# HOW TO COMPLETE THIS TASK:
Each line of the data that includes "White" must be copied.

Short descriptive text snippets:
/---

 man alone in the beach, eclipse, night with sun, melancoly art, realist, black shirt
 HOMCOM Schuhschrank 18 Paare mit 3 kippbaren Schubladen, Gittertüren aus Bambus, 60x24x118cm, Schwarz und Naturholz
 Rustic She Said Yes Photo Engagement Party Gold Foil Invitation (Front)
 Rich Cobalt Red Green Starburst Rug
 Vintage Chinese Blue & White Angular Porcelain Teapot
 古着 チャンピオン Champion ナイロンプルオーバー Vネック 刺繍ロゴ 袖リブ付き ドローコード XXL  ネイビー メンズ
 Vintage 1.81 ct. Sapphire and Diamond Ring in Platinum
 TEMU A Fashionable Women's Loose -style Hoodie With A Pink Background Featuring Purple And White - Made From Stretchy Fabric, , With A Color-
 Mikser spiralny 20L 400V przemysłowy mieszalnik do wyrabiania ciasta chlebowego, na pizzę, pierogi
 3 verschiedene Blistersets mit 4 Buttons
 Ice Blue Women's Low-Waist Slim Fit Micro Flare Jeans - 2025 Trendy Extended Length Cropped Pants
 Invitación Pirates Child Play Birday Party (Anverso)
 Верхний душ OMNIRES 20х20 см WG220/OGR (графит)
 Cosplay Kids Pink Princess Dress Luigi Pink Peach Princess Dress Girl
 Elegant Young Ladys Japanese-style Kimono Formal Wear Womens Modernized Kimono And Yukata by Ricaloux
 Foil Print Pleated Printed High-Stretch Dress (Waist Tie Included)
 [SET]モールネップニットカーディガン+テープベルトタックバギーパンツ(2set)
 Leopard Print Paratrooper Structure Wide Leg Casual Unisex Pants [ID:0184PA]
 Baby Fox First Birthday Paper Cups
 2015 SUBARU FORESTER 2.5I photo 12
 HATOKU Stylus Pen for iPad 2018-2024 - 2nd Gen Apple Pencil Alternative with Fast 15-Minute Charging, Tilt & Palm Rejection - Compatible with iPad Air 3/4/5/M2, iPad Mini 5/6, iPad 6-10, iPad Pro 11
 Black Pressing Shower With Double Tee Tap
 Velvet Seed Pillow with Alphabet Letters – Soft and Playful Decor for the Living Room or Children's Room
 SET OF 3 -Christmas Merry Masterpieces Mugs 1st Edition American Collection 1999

\---

# WRITTEN RESPONSE:
 Vintage Chinese Blue & White Angular Porcelain Teapot
 TEMU A Fashionable Women's Loose -style Hoodie With A Pink Background Featuring Purple And White - Made From Stretchy Fabric, , With A Color-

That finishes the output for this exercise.